→ **ABOUT THIS TASK**
Leaving out pictures, output exactly the lines below from the one that has "第28话-我想要你♥-跑友变岳母-铁线烤网,随便乱写（第17张）" through the one that has "Mira David极品俄罗斯高颜值大学生女神，蜂腰肥臀大长腿，和四眼炮友各种户外野战大片，跟闺蜜玩4p【105v】 (7)", and nothing else.
───── INFORMATION SHOWN
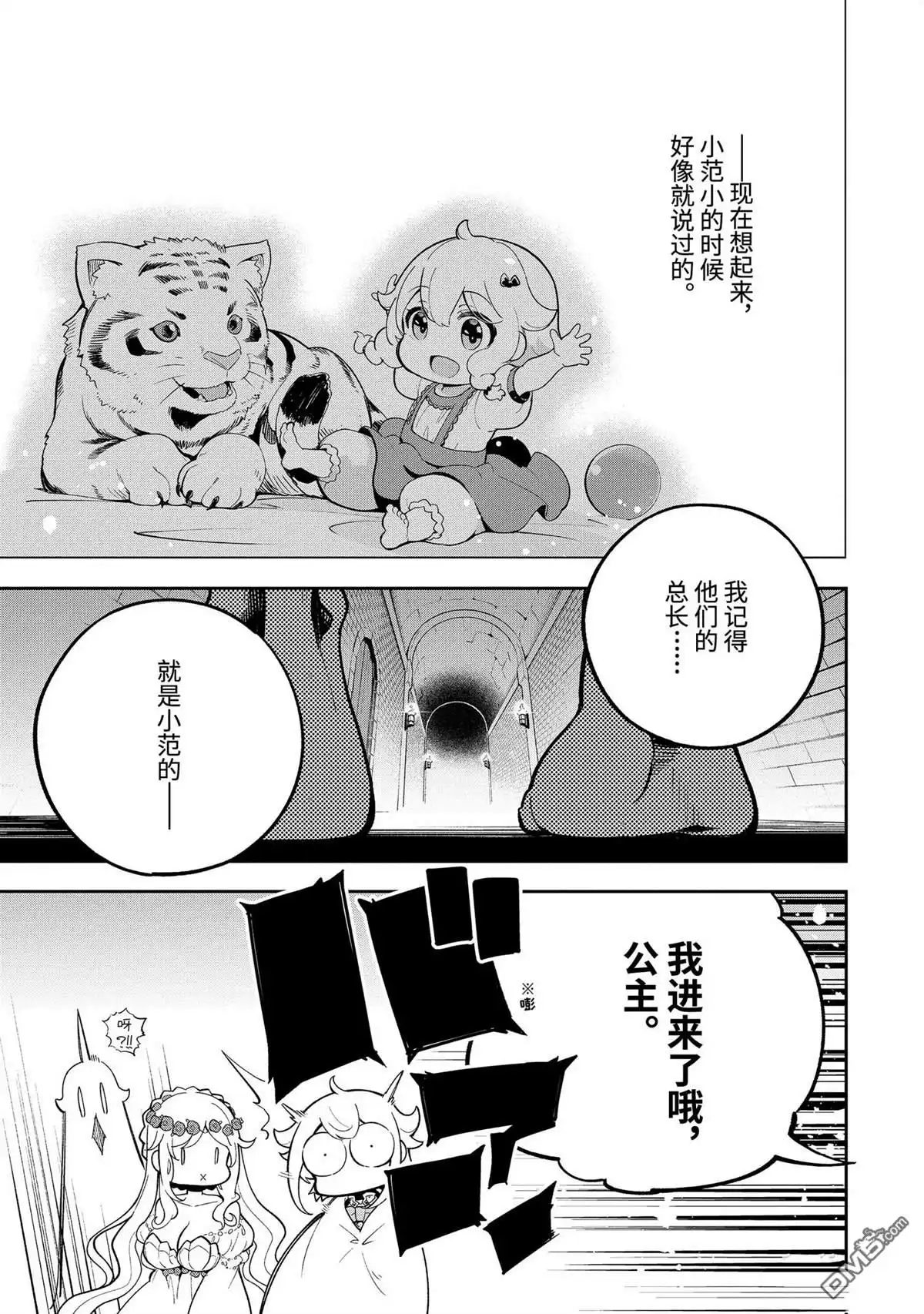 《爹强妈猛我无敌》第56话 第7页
──────────
───── INFORMATION SHOWN
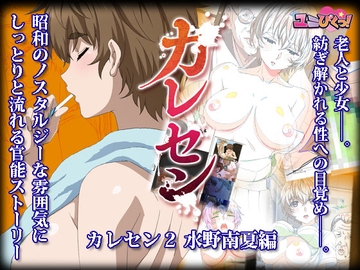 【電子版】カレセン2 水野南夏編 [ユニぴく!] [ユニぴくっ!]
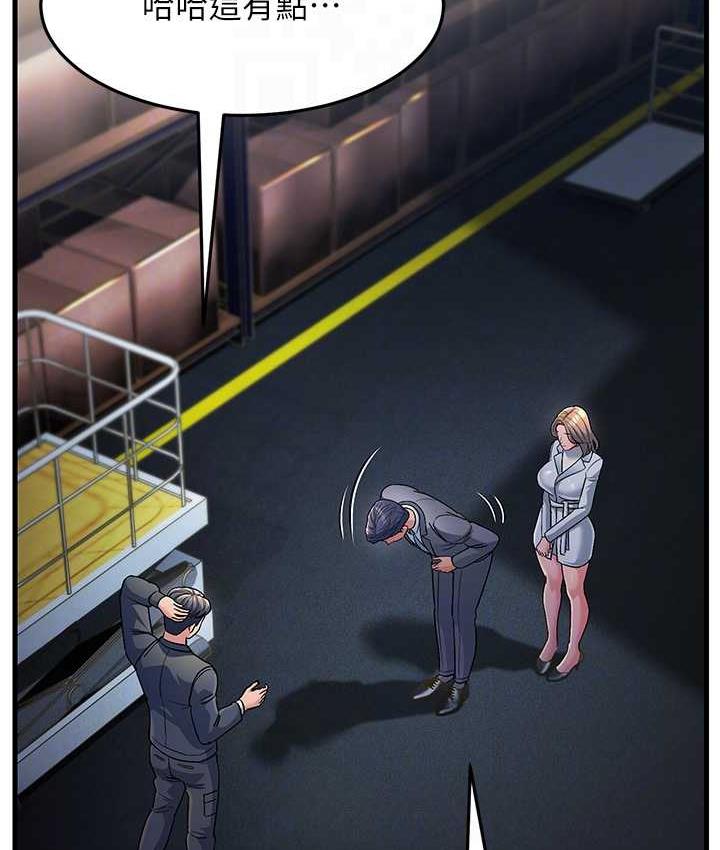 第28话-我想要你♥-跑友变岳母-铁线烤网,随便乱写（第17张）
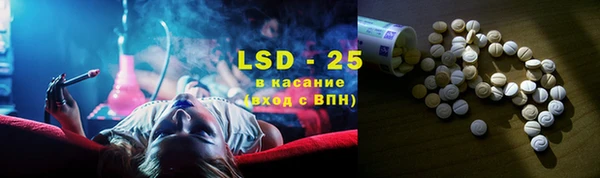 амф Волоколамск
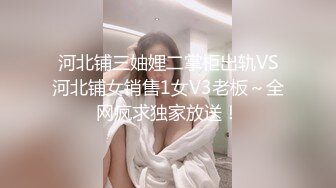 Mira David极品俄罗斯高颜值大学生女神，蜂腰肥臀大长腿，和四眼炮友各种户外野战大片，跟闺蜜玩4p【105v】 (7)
──────────
→ **PROBLEM SOLUTION**
 第28话-我想要你♥-跑友变岳母-铁线烤网,随便乱写（第17张）
 амф Волоколамск
 Mira David极品俄罗斯高颜值大学生女神，蜂腰肥臀大长腿，和四眼炮友各种户外野战大片，跟闺蜜玩4p【105v】 (7)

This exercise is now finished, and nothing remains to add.